No contesté. Sonreí. Nos despedimos. 

Al cruzar el umbral de la puerta de la sala de espera, contemplé cómo mi padre se acerca para tomar la voz periodística y cuyos interrogantes envuelven al deportista tras la encrucijada en cancha ajena. Respondes con disciplina, con un lenguaje cordial. Ya en el coche se fragmentan las palabras pero mi mente anda contemplando las nubes, las casas quedas, los transeúntes cuyas cestas esconden historias. 
Me despido por un instante. Me lanzo a la piscina, chapoteo, suspiro, cierro los ojos, me río al ver a los monitores enseñándoles los primeros nados a los niños en las calles a mis costados;  lo torpe que sueltan burbujas, suspiros, sonrisas. A la hora salgo del agua con la piscina casi vacía y el sol enredándose entre los contornos. Me saludan. Saludo. 

-¿Segundo asalto?
- En ello estoy. 

III. 


Lienzos rellenos. Guitarras expectantes. Papeles. Libros. Una canción de Alessio Arena. El gato, cansado de abrir cajones, dormitando sobre la silla. Contemplo la estancia. Tengo la manía de no conservar fotografías en toda mi estancia. Supongo que por miedo a que se caduquen en un color sepia. No conservo ni de mis seres más queridos, siquiera de mí mismo. Será por ello que me aparecen en sueños o en improbables ruedos de cabeza, en nostalgias pasajeras. A veces, en sueños, se me aparecen los fantasmas. Ahora, en horas estivales donde ha desaparecido el despertador y dormito hasta cuando el cuerpo o el tierno ronroneo me asalta con su húmedo hocico, suelo comprender los sueños. En uno de ellos aparecía mi abuela materna que era como mi madre. Llevaba un regalo para mí pero antes de entregármelo me cogió del brazo y me interrogó. 

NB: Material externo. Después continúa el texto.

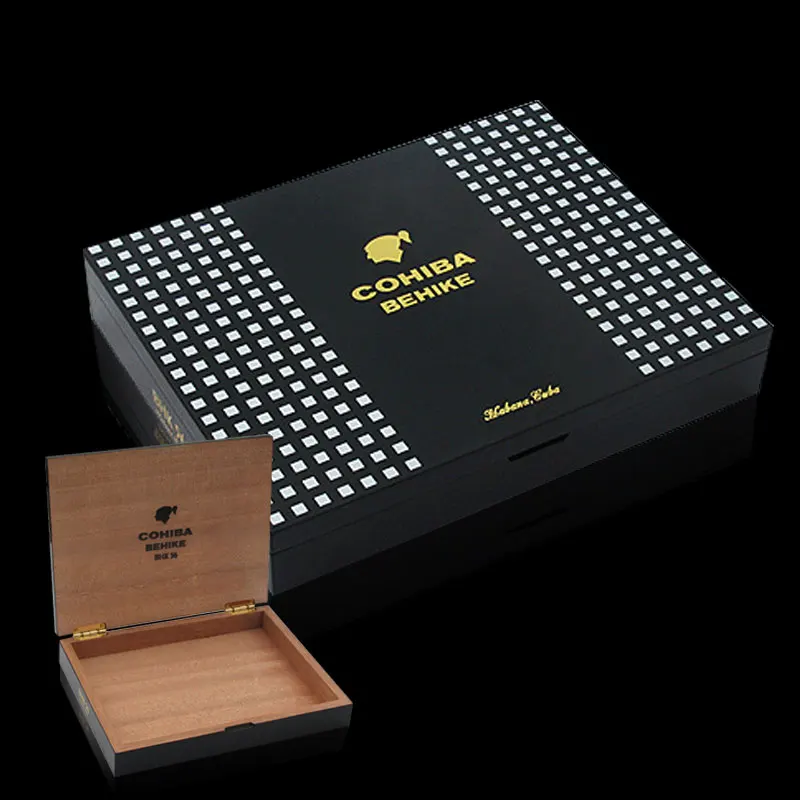 

COHIBA Elegant BEHIKE 54 Black Finish Cedar Wood Cigar Humidor Mini Storage Boxes With Velvet Bag Gift Box Portable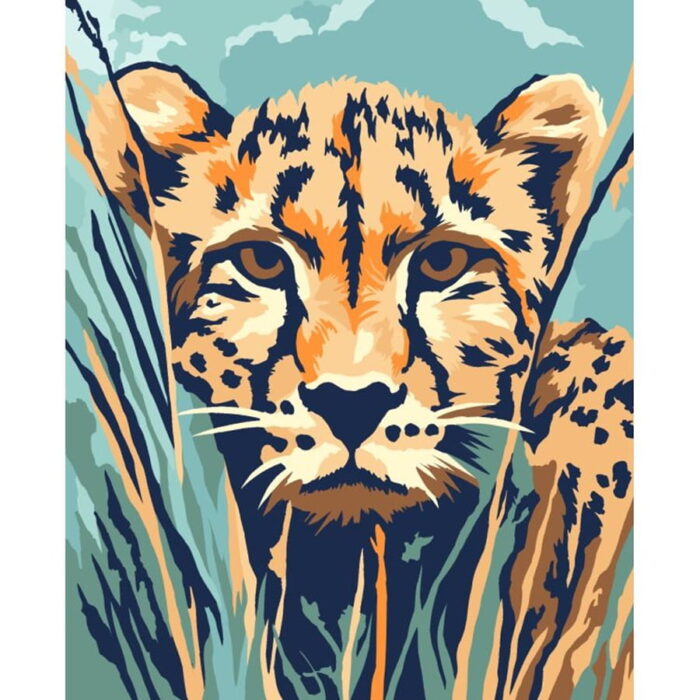 Slikanje po brojevima - Leopard u lovu 16.5x13 cm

- ¿Piensas en ella cuando te levantas?
- No. 
- ¿Al desayunar?
- Pues no. 
- ¿Cuando trabajas?
- Tampoco. 
- ¿Se te aparece en sueños?
- No. 

Sonrió, me dio un beso y me entregó el regalo. Lo abrí y contemplé que era un libro cuya portada era "El viejo y el nieto", de Domenico Ghirlandaio. No hallé título alguno, lo hojeé y no sabía lo que ponía. Pero al despertarme, supe lo que quería decir mi abuela. "Gracias", me dije y fue entonces cuando me llevé las manos a la cara y percibí con el tacto dos ríos que terminaban en mi barba.